▸ **EXERCISE BRIEF**
Restate only the tail of the data below, starting at the line that contains "Background with blue" and including the last line, word for word.

START DATA FOR THIS TASK

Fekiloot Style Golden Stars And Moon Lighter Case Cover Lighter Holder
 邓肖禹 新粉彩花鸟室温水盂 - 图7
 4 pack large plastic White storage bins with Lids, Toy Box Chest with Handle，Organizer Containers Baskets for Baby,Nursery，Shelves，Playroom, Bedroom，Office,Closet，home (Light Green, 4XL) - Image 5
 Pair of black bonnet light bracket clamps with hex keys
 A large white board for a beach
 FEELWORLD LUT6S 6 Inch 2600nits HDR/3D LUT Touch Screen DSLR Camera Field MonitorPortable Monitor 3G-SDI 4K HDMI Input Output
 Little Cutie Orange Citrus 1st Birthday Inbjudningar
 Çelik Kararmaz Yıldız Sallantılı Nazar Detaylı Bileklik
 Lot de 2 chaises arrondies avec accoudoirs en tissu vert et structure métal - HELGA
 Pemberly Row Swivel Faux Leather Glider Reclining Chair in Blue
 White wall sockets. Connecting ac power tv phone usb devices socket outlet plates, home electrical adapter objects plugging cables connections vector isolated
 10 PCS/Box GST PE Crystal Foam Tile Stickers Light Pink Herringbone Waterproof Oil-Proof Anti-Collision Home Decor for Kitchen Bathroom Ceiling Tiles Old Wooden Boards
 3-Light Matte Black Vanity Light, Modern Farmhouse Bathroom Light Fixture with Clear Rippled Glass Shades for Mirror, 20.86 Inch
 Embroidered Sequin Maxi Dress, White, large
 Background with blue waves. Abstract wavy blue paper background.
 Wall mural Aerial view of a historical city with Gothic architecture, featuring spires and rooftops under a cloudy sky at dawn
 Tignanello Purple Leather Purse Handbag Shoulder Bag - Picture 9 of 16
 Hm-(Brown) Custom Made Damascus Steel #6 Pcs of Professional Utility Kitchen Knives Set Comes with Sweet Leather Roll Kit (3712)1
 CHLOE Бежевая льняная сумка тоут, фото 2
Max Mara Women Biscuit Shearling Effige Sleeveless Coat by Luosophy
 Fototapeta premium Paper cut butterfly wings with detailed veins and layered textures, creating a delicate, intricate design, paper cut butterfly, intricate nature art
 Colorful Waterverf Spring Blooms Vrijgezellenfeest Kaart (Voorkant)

END DATA FOR THIS TASK

▸ **RESPONSE BOX**
 Background with blue waves. Abstract wavy blue paper background.
 Wall mural Aerial view of a historical city with Gothic architecture, featuring spires and rooftops under a cloudy sky at dawn
 Tignanello Purple Leather Purse Handbag Shoulder Bag - Picture 9 of 16
 Hm-(Brown) Custom Made Damascus Steel #6 Pcs of Professional Utility Kitchen Knives Set Comes with Sweet Leather Roll Kit (3712)1
 CHLOE Бежевая льняная сумка тоут, фото 2
Max Mara Women Biscuit Shearling Effige Sleeveless Coat by Luosophy
 Fototapeta premium Paper cut butterfly wings with detailed veins and layered textures, creating a delicate, intricate design, paper cut butterfly, intricate nature art
 Colorful Waterverf Spring Blooms Vrijgezellenfeest Kaart (Voorkant)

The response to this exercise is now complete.